The jokes are less smutty and the couple more jaded in “Love in the Buff,” a refreshingly authentic romantic comedy about the tradeoffs people must make in their relationships, careers and lifestyles. Compromises are also required of helmer Pang Ho-cheung as he shifts from his native Hong Kong to Beijing for this “Love in a Puff” sequel, and while censorship concerns have required him to tone down the risque elements, his saucy repartee and eye for absurdity gain resonance in a setting that’s familiar yet foreign. Decent local B.O. awaits, but the pic’s cultural specificity will hinder its prospects beyond.
In “Puff,” chain-smokers Jimmy (Shawn Yue) and Cherie (Miriam Yeung) met cute while trying to sabotage the government’s landmark law banning outdoor smoking. The sequel begins nine months later in Hong Kong in 2009: After they’ve made out and moved in together, adman Jimmy becomes more focused on getting ahead than on pleasing his g.f. Low-maintenance Cherie puts up with it for a while but eventually calls it quits, and Pang perceptively captures how the novelty and euphoria of a relationship wear off in a few telling scenes.
The two eventually find themselves in Beijing. Poached by his ex-boss to start a new venture, Jimmy picks up dishy mainland flight attendant Shang Youyou (Mini Yang) in no time. Cherie, sent to the city to oversee a new cosmetics store, half-heartedly checks out the local singles scene and meets divorced entrepreneur Sam (Xu Zheng), who wins her over with a gross but gallant gesture. But when Jimmy and Cherie run into each other, they automatically drift into an affair, lapsing into old patterns.

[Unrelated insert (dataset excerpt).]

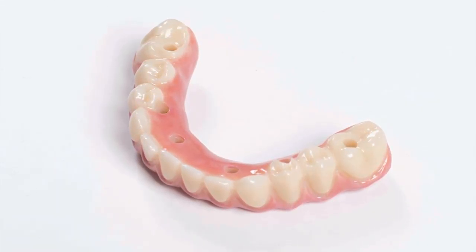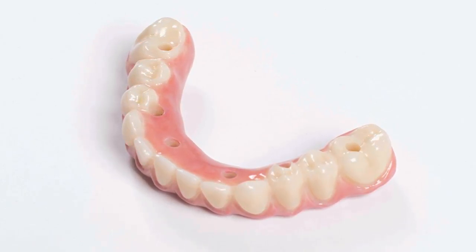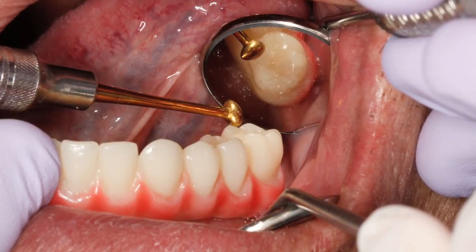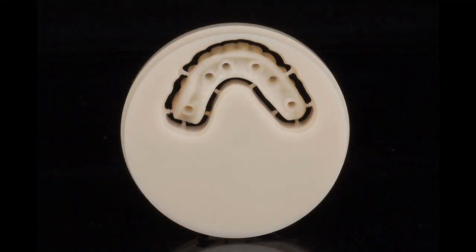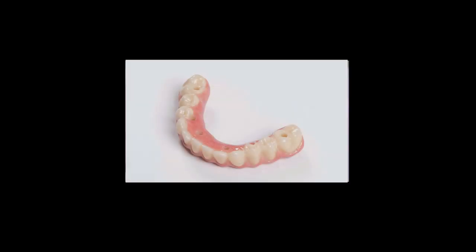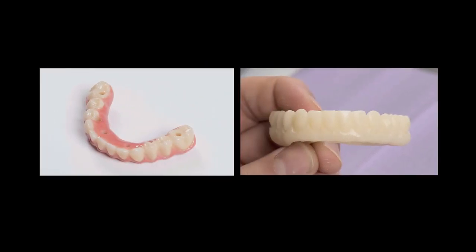Fabricating a full arch prosthesis from Bruxer Solid Zirconia requires significant time, labor, materials and milling capacity. That is why it is important to verify the fit, occlusion, aesthetics and functionality of the provisional appliance milled from polymethylmethacrylate or PMMA. Because the PMMA material can easily be adjusted, it can be scanned and replicated, ensuring that the final prosthesis mirrors the form and function of the temporary appliance.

The way in which this quadrangle plays out is fairly predictable yet generates considerable emotional engagement with its numerous twists and impulsive changes of heart. But it’s the narrative non sequiturs and comic vignettes sprinkled throughout that give the freewheeling pic its playful charm. The nonsensical tone of the shaggy-dog story that opens “Puff” is extended here, dovetailing with the theme of hard luck in the search for lasting love and happiness. Making cameo appearances, mainland heartthrob Huang Xiaoming, Hong Kong star Ekin Cheng and retired Taiwanese singer-actress Linda Wang (daughter of Jimmy) cannily play on their screen personas while evoking nostalgia for their respective heydays.
“Buff” being a Hong Kong-China co-production and therefore subject to censorship, the political incorrectness that made the original so fun has been judiciously snuffed out. Occasional scenes of smoking are made conspicuous by their absence elsewhere, and the titillating title also misleads, as the protags are only ever seen buttoning up their clothes rather than taking them off.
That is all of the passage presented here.